Representative Keith Ammon told the committee House Bill 302 would add precious metals and ‘‘digital assets’’ above a specified market‑capitalization threshold to the list of authorized investments for the state treasury, and suggested the easiest implementation would be through exchange‑traded products rather than custodying bullion.
Why it matters: the proposal would expand the treasury’s investment toolbox and could expose public reserves to new asset classes. Supporters framed the change as a modest, optional hedge against inflation and declining purchasing power; critics warned of volatility and legal constraints.
Sponsor pitch and numbers cited
Ammon argued that a small allocation of state funds to scarce assets like gold or Bitcoin could protect long‑term purchasing power. During the hearing he cited price movements discussed in testimony (gold noted as roughly $2,000 an ounce a year earlier and trading higher now; Bitcoin referenced rising from about $43,000 to roughly $97,000 over a year as described in testimony) and said allocations would be enabling, not mandatory.
Limits discussed in committee
Members asked how the treasurer might use the authority and what safeguards would be required. Ammon said the bill contains or contemplates limits: witnesses and members discussed a proposed market‑cap floor for digital assets (spoken in the hearing as $500,000,000,000, i.e., $500 billion) to exclude “meme” or small tokens, and a practical allocation ceiling mentioned in the hearing was modest — several speakers and questions discussed single‑digit percentages (representatives referenced examples such as 1%, 0.5% or up to 2% of certain funds, and another passage referenced a 10% cap as an initial draft that could be reduced).
Public testimony — advocates and skeptics
Tom McCarthy of Satoshi Action Fund and other witnesses urged the committee to enable treasurers to use digital assets and precious metals as a complement to traditional instruments, saying small allocations historically would have offset real‑term losses caused by inflation. Nicholas Slaney, an expert who served on a state commission, argued early adoption could be strategically valuable.
Opposition and legal questions
Representative Kelly Potenza strongly opposed adding Bitcoin, citing a Constitutional clause about coinage and arguing that Bitcoin is speculative rather than a monetary instrument. Several lawmakers asked whether the treasurer or bonding agencies would accept the risk; Ammon said the proposal is enabling, not a mandate, and he described prior discussions with the treasurer as “curious” and potentially open to cautious engagement.

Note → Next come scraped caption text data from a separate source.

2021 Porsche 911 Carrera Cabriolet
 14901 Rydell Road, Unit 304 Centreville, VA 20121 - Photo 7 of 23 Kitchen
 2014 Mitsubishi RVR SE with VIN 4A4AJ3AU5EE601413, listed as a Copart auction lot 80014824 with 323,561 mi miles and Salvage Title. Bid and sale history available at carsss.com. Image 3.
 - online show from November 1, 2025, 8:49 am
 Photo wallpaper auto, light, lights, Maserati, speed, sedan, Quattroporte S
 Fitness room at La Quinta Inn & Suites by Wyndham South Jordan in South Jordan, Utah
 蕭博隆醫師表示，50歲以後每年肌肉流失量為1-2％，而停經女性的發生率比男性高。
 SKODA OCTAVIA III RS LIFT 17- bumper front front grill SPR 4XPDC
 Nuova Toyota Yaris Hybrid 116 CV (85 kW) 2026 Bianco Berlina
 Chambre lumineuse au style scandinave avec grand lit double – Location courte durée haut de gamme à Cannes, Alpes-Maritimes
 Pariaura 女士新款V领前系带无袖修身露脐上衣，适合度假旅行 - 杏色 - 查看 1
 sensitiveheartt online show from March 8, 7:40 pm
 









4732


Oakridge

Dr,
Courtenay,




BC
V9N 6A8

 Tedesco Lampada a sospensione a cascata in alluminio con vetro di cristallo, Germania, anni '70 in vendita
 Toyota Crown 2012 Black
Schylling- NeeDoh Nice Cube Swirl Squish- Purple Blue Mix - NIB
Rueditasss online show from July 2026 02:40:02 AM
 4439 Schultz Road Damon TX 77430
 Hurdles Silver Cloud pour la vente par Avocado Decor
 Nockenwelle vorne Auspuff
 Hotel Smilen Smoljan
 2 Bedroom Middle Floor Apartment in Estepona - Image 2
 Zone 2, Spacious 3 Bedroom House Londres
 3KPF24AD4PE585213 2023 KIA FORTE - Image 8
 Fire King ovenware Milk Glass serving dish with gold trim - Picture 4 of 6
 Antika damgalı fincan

Practical safeguards and next steps
Witnesses and members discussed custody and insurance, market‑cap thresholds, use of ETFs or insured custodian structures, and the likelihood that any practical implementation would be small and applied to long‑horizon funds. The sponsor said the bill would give the treasurer “tools in the toolbox” and that the legislature can set guardrails in subcommittee work.
Ending
The committee closed the public hearing and signaled the matter will go to subcommittee for more detailed drafting and fiscal review.